> **Instructions to follow**
Line for line, return the data exactly, omitting all pictures.
++++++
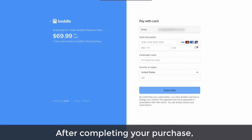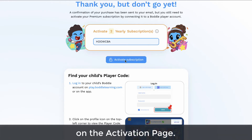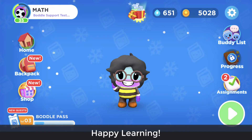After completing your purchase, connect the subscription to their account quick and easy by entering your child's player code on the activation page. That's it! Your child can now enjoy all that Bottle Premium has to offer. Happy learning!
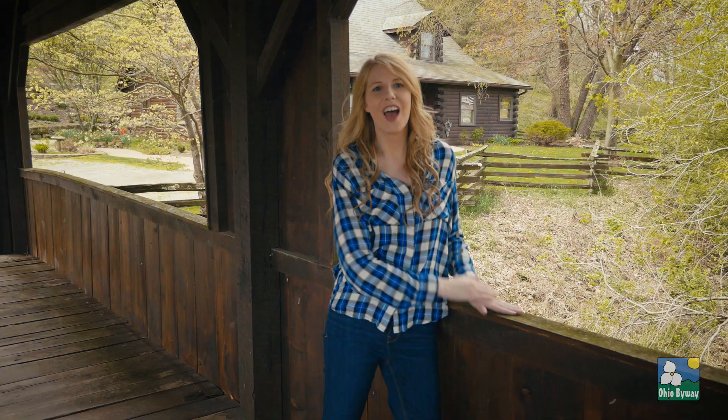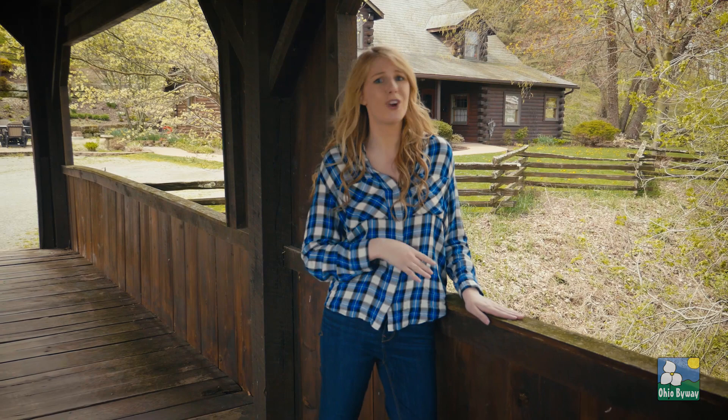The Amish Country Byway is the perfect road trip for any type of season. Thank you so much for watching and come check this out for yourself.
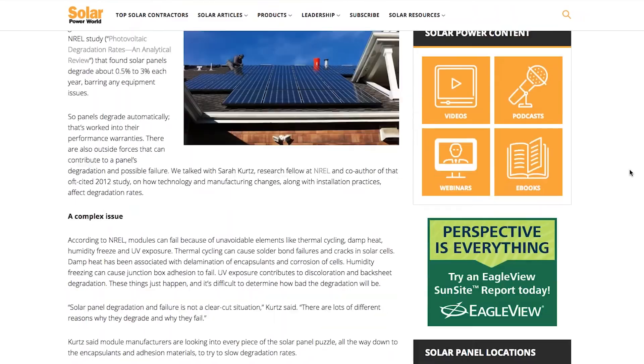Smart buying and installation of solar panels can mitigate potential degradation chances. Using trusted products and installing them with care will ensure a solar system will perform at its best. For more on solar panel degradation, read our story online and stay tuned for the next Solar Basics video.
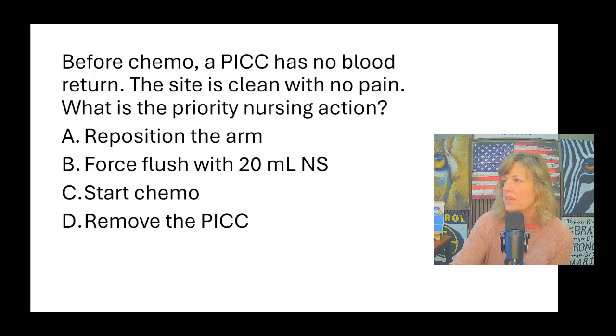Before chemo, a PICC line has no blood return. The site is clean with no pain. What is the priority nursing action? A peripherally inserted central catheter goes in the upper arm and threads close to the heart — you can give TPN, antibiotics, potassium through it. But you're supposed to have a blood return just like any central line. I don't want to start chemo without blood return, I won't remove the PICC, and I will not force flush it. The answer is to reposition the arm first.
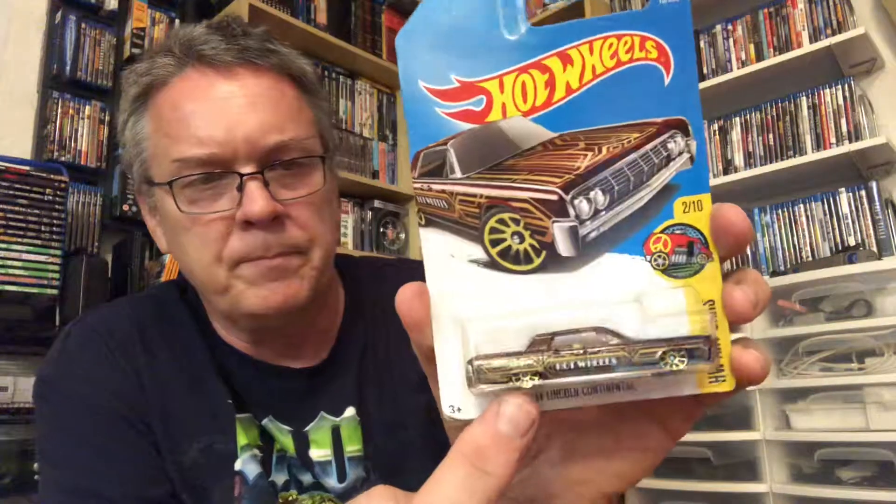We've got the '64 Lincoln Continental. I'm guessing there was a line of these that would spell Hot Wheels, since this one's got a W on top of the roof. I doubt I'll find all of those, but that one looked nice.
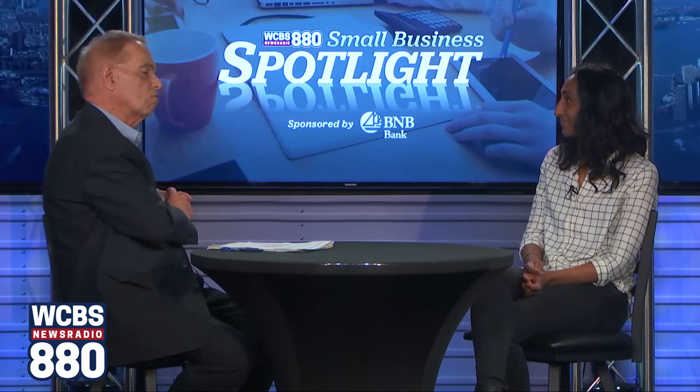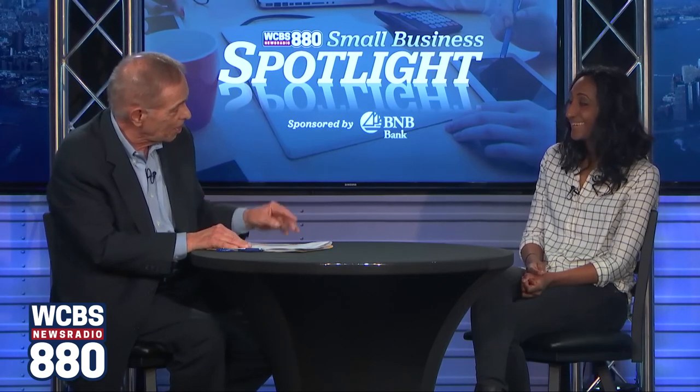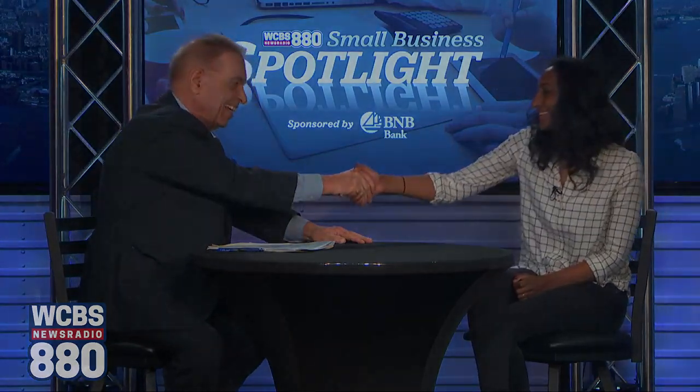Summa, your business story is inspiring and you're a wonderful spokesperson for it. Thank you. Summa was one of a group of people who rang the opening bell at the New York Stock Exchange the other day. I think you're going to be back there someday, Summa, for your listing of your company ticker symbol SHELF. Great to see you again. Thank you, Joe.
++++++
> **Reply**
After completing your purchase, connect the subscription to their account quick and easy by entering your child's player code on the activation page. That's it! Your child can now enjoy all that Bottle Premium has to offer. Happy learning!
The Amish Country Byway is the perfect road trip for any type of season. Thank you so much for watching and come check this out for yourself.
Smart buying and installation of solar panels can mitigate potential degradation chances. Using trusted products and installing them with care will ensure a solar system will perform at its best. For more on solar panel degradation, read our story online and stay tuned for the next Solar Basics video.
Before chemo, a PICC line has no blood return. The site is clean with no pain. What is the priority nursing action? A peripherally inserted central catheter goes in the upper arm and threads close to the heart — you can give TPN, antibiotics, potassium through it. But you're supposed to have a blood return just like any central line. I don't want to start chemo without blood return, I won't remove the PICC, and I will not force flush it. The answer is to reposition the arm first.
We've got the '64 Lincoln Continental. I'm guessing there was a line of these that would spell Hot Wheels, since this one's got a W on top of the roof. I doubt I'll find all of those, but that one looked nice.
Summa, your business story is inspiring and you're a wonderful spokesperson for it. Thank you. Summa was one of a group of people who rang the opening bell at the New York Stock Exchange the other day. I think you're going to be back there someday, Summa, for your listing of your company ticker symbol SHELF. Great to see you again. Thank you, Joe.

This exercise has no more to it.